Bütün dünya biraz dikkatli bir normale dönebilir miyiz diyerek bir başlangıç yapmaya çalışıyor. Eğer yeniden salgın artar ölümler artarsa yeniden daha büyük önlemlerin alınması gerekecek.
Vatandaşlarımızın akşamki tablodan itibaren riski gördüğünü ve daha dikkatli davranacağı inancındayım.
27 MAYIS SÜRECİ
27 Mayıs askeri darbesi sadece darbeler tarihimizin bir başlangıcı değil aynı zamanda Türkiye’nin sosyal kimliğini de bozan bir harekettir. 60 yıllık süre içerisinde bunun acısını üzüntüsünü insanlarımız hissetmişler ve bazı adımları atmışlar. Darbenin yapılmasından kısa süre sonra da bu adım düşünülmüş mağdurlara yönelik... Önce 2013 yılında buranın ismi değiştirildi, ardından genel olarak Demokrasi Adası görüntüsüne de çevirecek açılış yapmıştık.
Az önce de ifade ettim 27 Mayıs'ın siyasi psikolojimizde etkisi olan kareleri var. Sayın Cumhurbaşkanımızın "Biz kefenimizi giyerek yola çıktık" sözü aslında Menderes'in o fotoğrafına bir atıftır, darbeci zihniyete karşı.En temel mesele şudur. Bir suç işlendiği zaman o suç işlendiği tarihte hangi mahkemeler varsa oradda yargılanırlar.
Şimdi burada alınan kararlar ve bunun sonuçları var. Bir başbakan idam edilmiş, 2 bakan idam edilmiş. Bütün davaları aldığımızda 192 kişi ve bunların kendileri, aileleri, bugünlere kadar sarkan bir süreç içerisinde maağduriyetleri var. Ama burada TBMM olarak tutumumuzu, tavrımızı tescil edecek adım atma imkanımız var. O da şudur: Bunu çok dikkatli olarak ifade etmek istiyorum, burada söz konusu bir mahkemenin kararlarının yok sayılması değil söz konusu olan. Aslında mahkeme olmayan bir yapının, bir infaz timinin karar diye vermiş olduğu ve birtakım sonuçlar doğuran işlemleri, o yapıyı ortadan kaldırarak, daha önce hiç varolmamış gibi hale getirerek hukuk tarihinden temizlemektir.

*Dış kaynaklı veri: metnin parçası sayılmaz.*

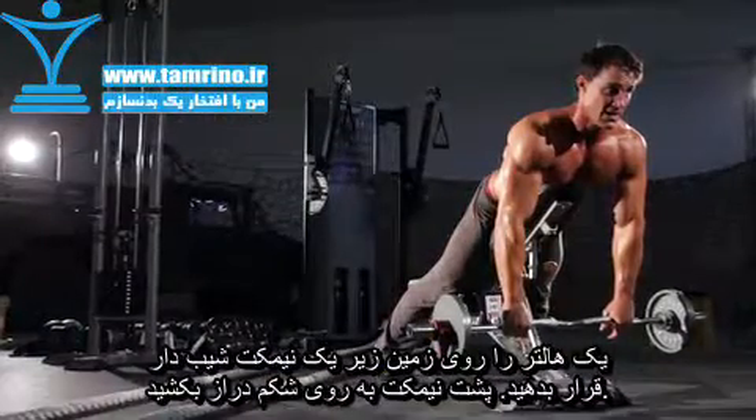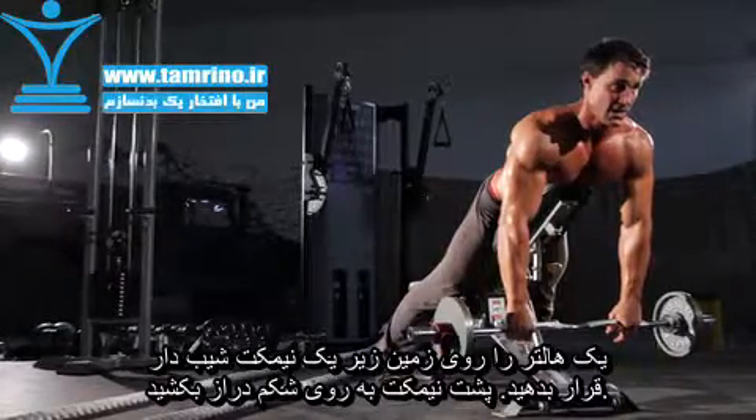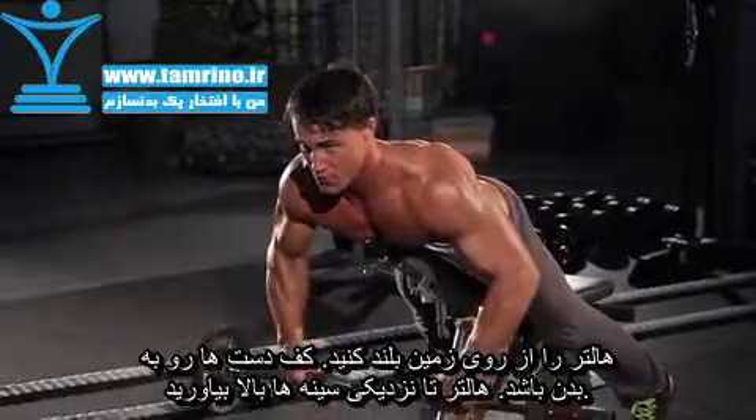Place a bar on the ground behind the head of an incline bench. Lay on the bench face down with a pronated grip, pick the barbell up from the floor, and flex the elbows performing a reverse curl to bring the bar near your chest. This will be your starting position.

Darbeler tarihi artık kapanmıştır. Teşebbüs edenler 15 Temmuz'daki gibi engellenir.
METİN TOPUZ DAVASI
Karar kesinleştiği zaman herkesin buna saygı duyması gerekiyor. FETÖ örgütü belli şahıslardan oluşan bir örgüt değil. Yeniden yöntem belirleyen bir yapılanma. Bu konuda dikkatli olmak mücadeleden asla taviz vermemek gerekiyor. Her zaman FETÖ için teyakkuzda olmak gerekir.
15 Temmuz’da yapılan darbe girişimin önemli isimlerinin FETÖ elebaşının orada olduğunu biliyoruz. Bu konuda bir işbirliğinin yapılması bekleniyor. Bir taraftan da Türkiye’de bir darbe girişiminde bulunmuş bir örgütün yargılanmasının sağlanması gerekir. Elebaşılar tutuluyor Türkiye’ye iade edilmiyor korunuyorsa o zaman bu darbe ile ilgili başka ihtimalle akıllara gelmektedir. Buna yol açmamak için burada Türkiye’nin taleplerini ABD’nin yerine getirmesi gerekir.

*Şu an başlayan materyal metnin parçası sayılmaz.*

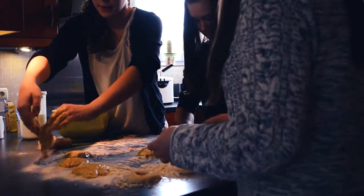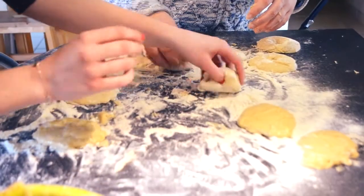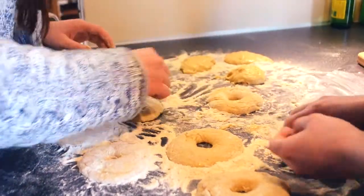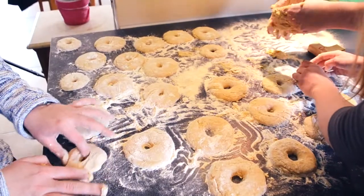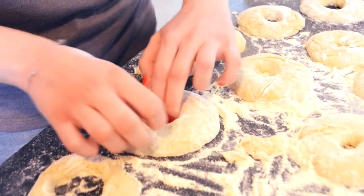First, put the dough on the table like the instructor is doing. Then, roll it into the flour. And then, make the doughnut form. Make sure you made a large hole in the center.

FETÖ aslında uluslararası istihbarat örgütlerinin bir maşası bir taşeron örgüt. Sadece Türkiye’de değil dünyada bazı ülkelerde bu tarz girişimlerde bulunduğunu görüyoruz. Bu konudaki mücadelenin çok önemli olduğunu bir kez daha söylemek istiyorum. Mücadele bitmiştir demek yanıltıcı olabilir. Bu örgüt mensupları yeni bir takım hain girişimlerde bulunabiliyor. Bu yüzden FETÖ konusundaki mücadeleyi hiç eksiltmeden sürdürmemiz gerekiyor.

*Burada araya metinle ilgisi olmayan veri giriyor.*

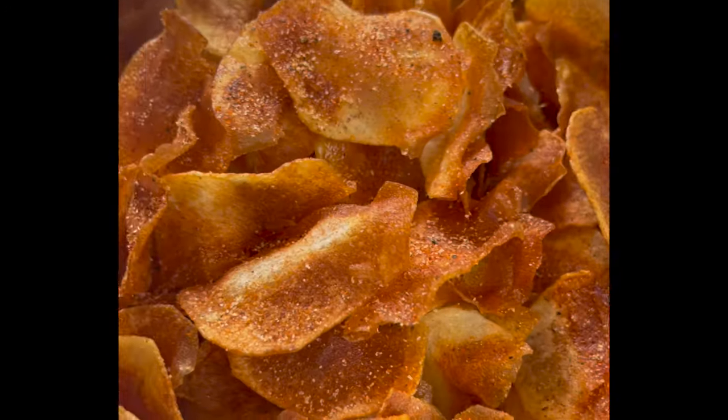A mix of salt, cayenne, paprika, garlic powder, and onion powder will season these beautifully.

- Türkiye’de FETÖ hala çok tehlikeli bir yapılanma olarak çeşitli kurumların içinde hala varlığını sürdürüyor mu?
Bu ihtimal dışı değildir. Önemli bir yapılanma olarak demeyelim ama bazı unsurların bu şekilde var olacağı ihtimalini göz ardı etmemek gerekir.
3 İSMİN MİLLETVEKİLLİĞİNİN DÜŞÜRÜLMESİ
Bu konuda bir çifte standart yaklaşımı var Batı’nın. Tüm dünyanın gözü önünde ABD’de bazı olaylar oluyor. Bir gerçek ortaya çıktı ABD’de hala insanların renk farkı gerekçesi ile hukuk karşısında farklı davranışlarla karşı karşıya olduğunu gördük. Avrupa ülkelerinin çoğunda yabancı düşmanlığı olduğunu görüyoruz. Bunu bugüne kadar göremiyorduk. Batı ülkeleri kendilerini sadece gözlemci olarak görüyordu. Şimdi dünya değişti. Orada olan olayları artık tüm dünya görebiliyor. Eskisi gibi bir dünya yok artık. Bütün ülkeler eşit her yerdeki olayları görme mukayese etme olanağımız var.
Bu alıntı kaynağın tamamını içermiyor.